In Maryland, environmental officials are working to save one of the smallest and rarest turtles in North America. The bog turtle had the power to move an entire highway project in the state of Maryland. The tiny turtle is listed as an endangered species. It faces a disappearing habitat as well as poachers.
Craig Patterson, with the Maryland Department of Natural Resources, uses a piece of equipment (resembling a hand-held remote control and antenna) to find a tiny bog turtle, underground.
"The transmitter that is on the turtle emits a signal," Patterson explains, "I can hear that signal with the headphones and as we get closer it gets louder and louder. And once we get near the turtle, we can point this at the ground, sweep and we usually know exactly where the turtle is."
Somewhere in these few hectares of protected land, some 35 turtles are living under the mud.
The bog turtle is one of the smallest in North America and is listed as an endangered species. Only several thousand survive.

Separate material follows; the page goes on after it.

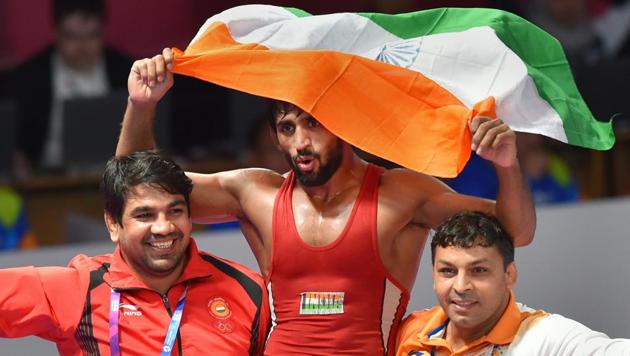 India's Bajrang Punia carries the tricolour after winning in the Finals of men's freestyle wrestling (65kg) against Japan's Daichi Takatani at the Asian Games 2018, in Jakarta on Sunday, August 19, 2018. (PTI)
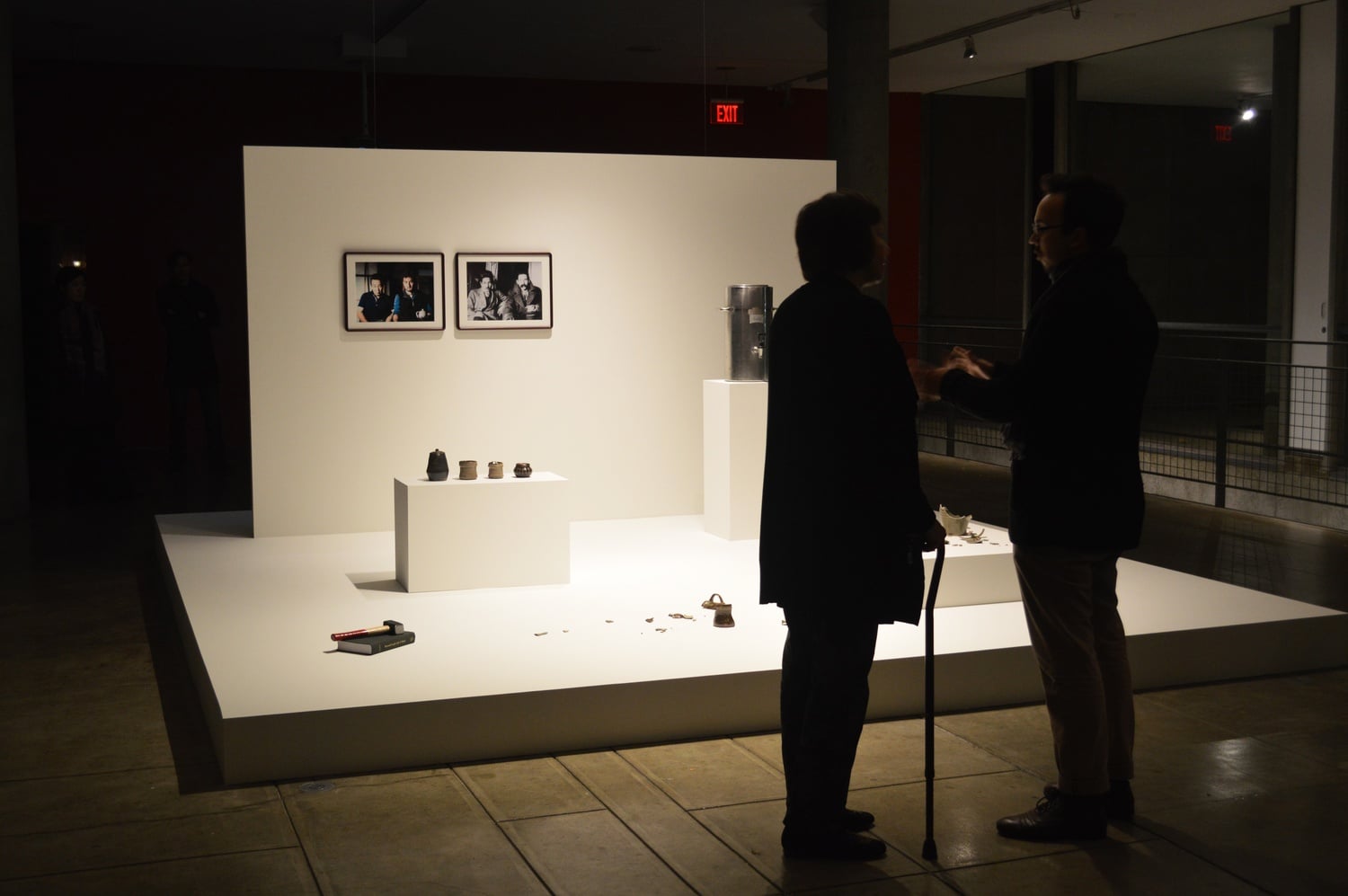 Visitors contemplate the provoking work "Rehearsal for a Reunion (with the father of pottery)" by Simon Fujiwara now on display at The Carpenter Center.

They live in small pockets of wetland like this one, in a few states on the east coast of the United States. For the last 17 years, Scott Smith has been working with the turtles. Holding a turtle he says, "This one has had a chronic problem with an ear infection."
The male turtle was first found 12 years ago. Experts guess he is 40 years old and could live another 20. He weighs about 130 grams, and the transmitter on its back is 7 grams. The antenna helps scientist check regularly on his health, as well as on behaviors and places where he hibernates.
"These bog turtles spend a lot of time burrowing down in the mud, physically moving mud, opening up little areas for other animals to use and they are just kind of cute," Smith adds.
But being cute didn't help them. Julie Slacum from the United States Fish and Wildlife Service explains. "Part of the issue is loss of the habitat," she says, "but part of the issue was people going into the wetlands, taking the turtles and selling them illegally."
A slow reproduction process, predators and animals such as raccoons that eat turtle eggs also threaten their survival.
"Females have to be about 10-years-old when they first reproduce. They only reproduce once a year and they only lay 2 to 5 eggs," Smith said.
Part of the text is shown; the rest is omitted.